診療明細書は無意味

「診療明細書」を受け取られているでしょうか。医療機関を受診すると、領収書とともに渡される書類です。

明細書に記載されているのは、あくまで医療費の内訳であって、診療内容の詳細ではありません。

検査の目的、診断した病名、その根拠、今後の見通しなど、疾患や病状に関する記載は、一切ありません。

そこにあるのは、初診料や管理料、処方せん料や検査料などの、「○○料」という項目名と料金のみです。

こんな明細をもらっても、健康管理には何の役にも立ちません。なので不要な方は、受け取らなくても結構。

しかし医療機関は、不必要と意思表示した方以外全員に、診療明細書を渡さなければならないキマリです。

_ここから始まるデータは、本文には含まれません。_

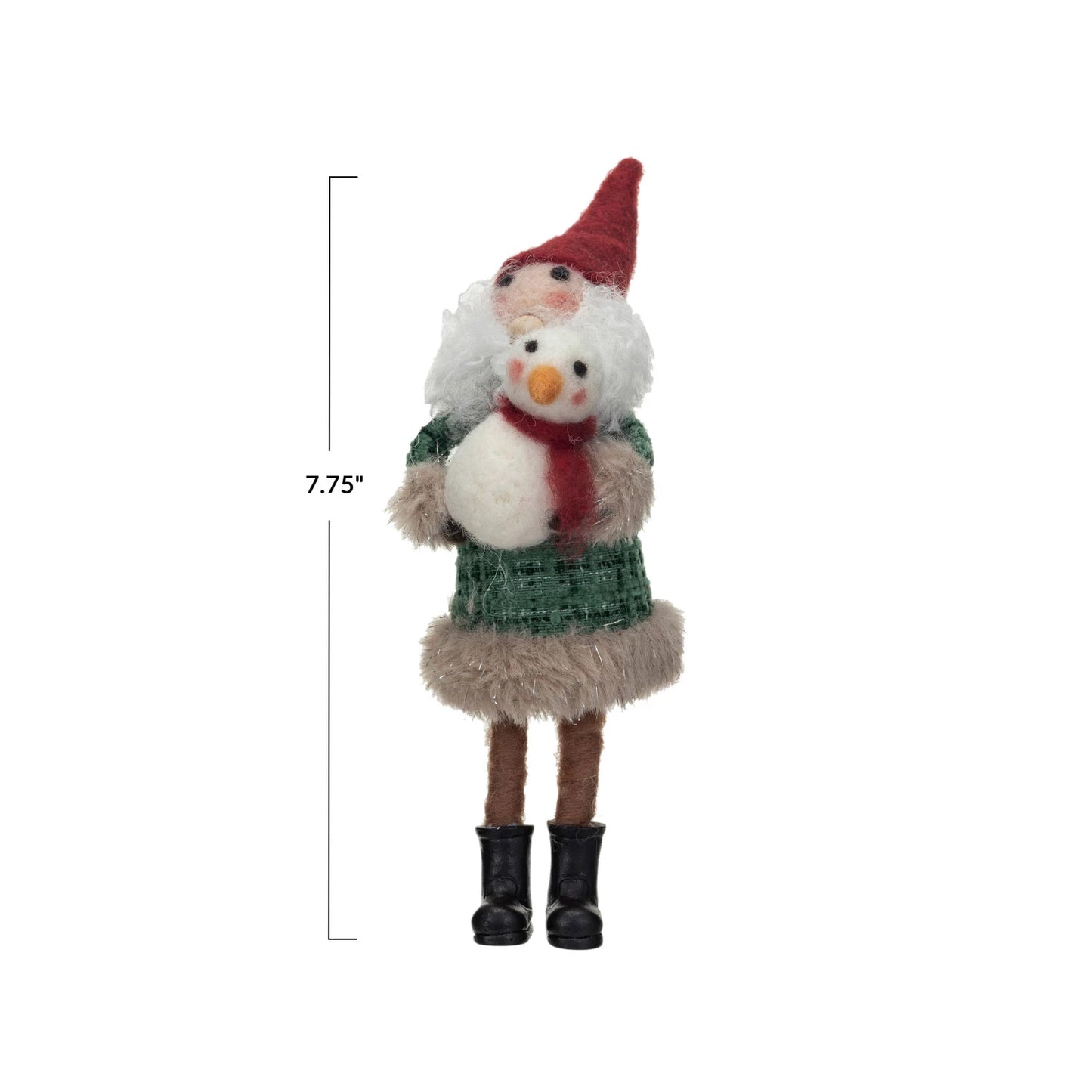 Wool Felt Santa in Plaid Winter Coat w/ Snowman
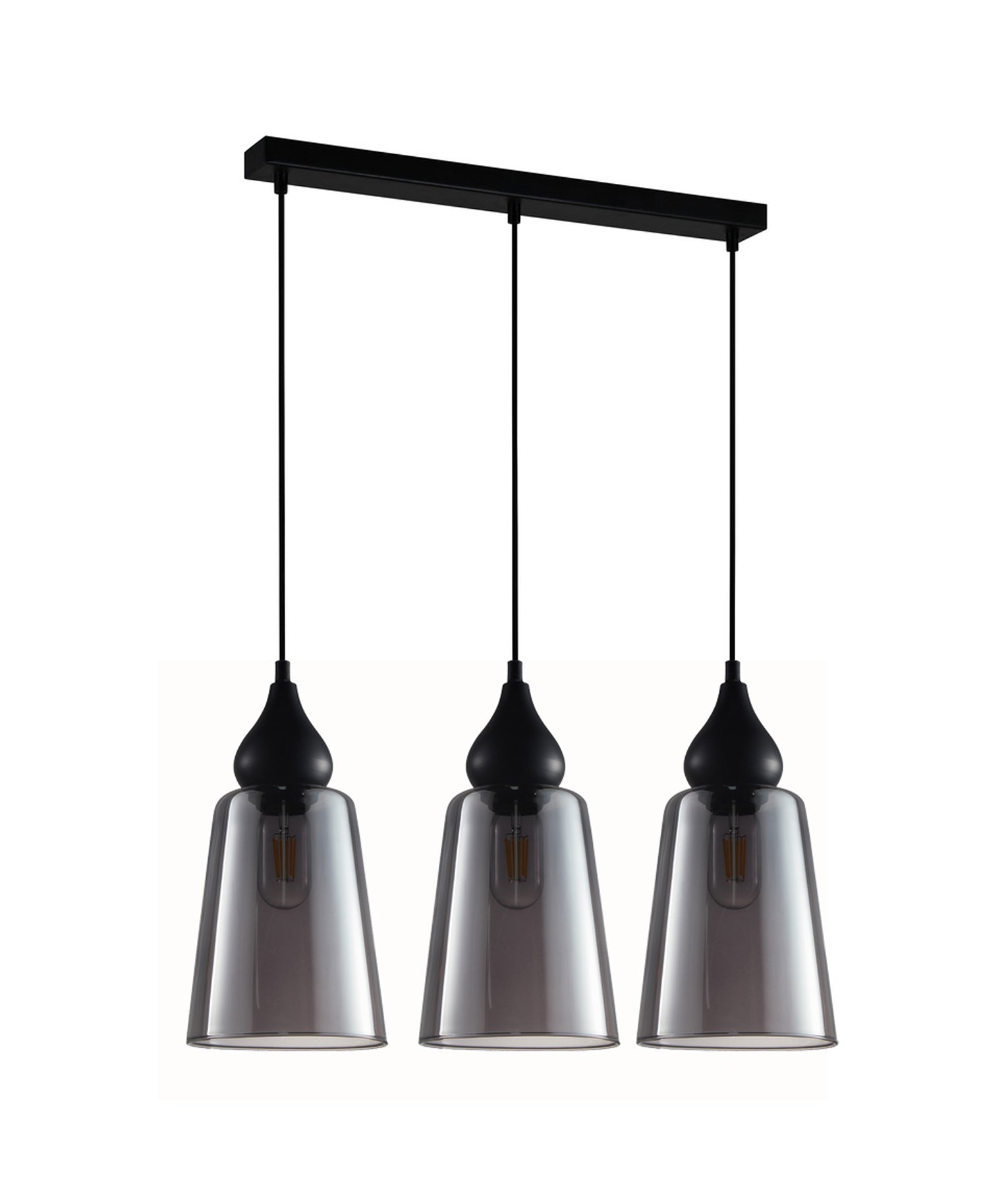 Modern Interior Multiple Ellipse Glass Flat Top with Metal Highlight Pendant Lights Bar Base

そのかわり医療機関は、そのような明細書を発行することでも、わずかながら報酬が得られます。

「明細書発行体制等加算」がそれで、1人1回につき「1点」つまり「10円」です。3割負担だと3円。

「私は明細書は必要ないので、加算は付けないでほしい」ということはできません。

不要な方には明細書は発行しませんが、それでも加算は取られてしまいます。

この加算は明細書代ではなく、明細書を発行できるような体制をとっていることに対する報酬だからです。

まあ変なシステムです。役にも立たない書類を発行して、それが不必要な患者からも料金を取るのですから。

本来、患者に渡すべき書類は、検査結果・診断内容・治療方針などの「明細」であるべきです。

手前味噌ですが、当院のミニカルテは、そのような趣旨で作っているものです。

診療の形だけを評価して、その中身に踏み込めないのが、今の診療報酬システムの最大の問題だと思います。